Not only at balls and dinings were dances popular, but even barbeques were considered more complete with this form of amusement. In some spaces special notice was called to the fact that fine music and a plank floor, covered with a tent, had been provided (June 26, 1815). These barbeques were usually given by gentlemen located three to ten miles from Lexington (Oct. 24, 1809; June 18, 1811; June 30, 1812; Aug. 8, 1814; June 26, 1815; July 17, 1815). In 1811 a fish feast was given in conjunction with a barbeque (June 18, 1811). The following year, at a Republican barbeque, nothing but home-made materials was used (July 14, 1812). In 1820 it was announced that all candidates for office were expected to be present at a barbeque given at that time (July 6, 1820). The first newspaper notice of such a celebration was that given in connection with a squirrel hunt. In 1796 Fayette and Woodford were pitted against each other in a hunting contest, and the losing party was to provide a feast. This hunt lasted all Friday and Saturday morning, and at noon of the second day all participants met at Cox’s Spring on Scott’s road in order "to count scalps."

No "scalps" were to be received after twelve o’clock (May 14, 1796). At a barbeque and hunt, held in 1805, the feast was closed with eighteen toasts. After each toast a company of riflemen, commanded by Major Chinn, fired a round (June 11, 1805).

In 1811 Lexington could boast of a coffee house. Here was kept a file of the most interesting Gazettes for the perusal of "subscribers of the house." According to the regulations, the place was open every day to members and to any strangers who might be introduced by them. Any man could be elected to membership by a vote of the "subscribers," but three black balls were sufficient to exclude him. No cards or game of any sort was permitted (Mar. 19, 1811).

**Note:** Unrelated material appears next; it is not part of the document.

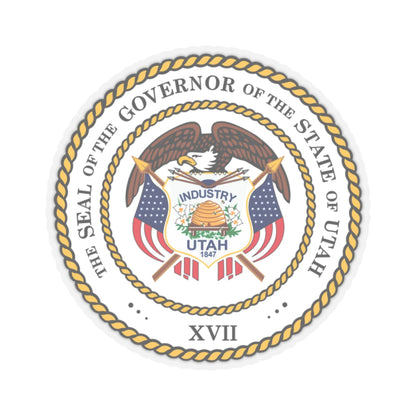 Seal of the Governor of Utah 2011 - STICKER Vinyl Kiss-Cut Decal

There were various other ways in which the citizen could find amusement. In 1805 a party went down to the Kentucky river, to be present at the launching of Mr. Jordan’s new boat, the "Gen. Scott" (Mar. 12, 1805). For an ‘ideal’ summer resort there was the famous ‘Olympian Springs’, advertised for its "most pure and salubrious air, romantic and picturesque scenery, the best music, dancing, bathing, swinging, riding, and hunting (Apr. 2, 1805). At a sulphur well eleven miles east of Lexington, public dinners were given every other Thursday during summer months (Aug. 21, 1806). Located one mile from town, between the Georgetown and Cynthiana roads, was Jabez Vigus’ Pleasure Garden, "laid out in specious walks, pleasant summer houses, with a handsome pavilion in the center where refreshments of every description might be had" (July 7, 1812).

As early as 1805 the Lexingtonian followed the custom of the ancient Roman in making bathing one of his amusements (Aug. 13, 1805). To be sure these baths were not so magnificent as their Roman prototype, but "the water from a good spring was plentiful, and could be had either hot or cold." The bath-houses were kept open from daylight until ten o’clock at night (May 30, 1814).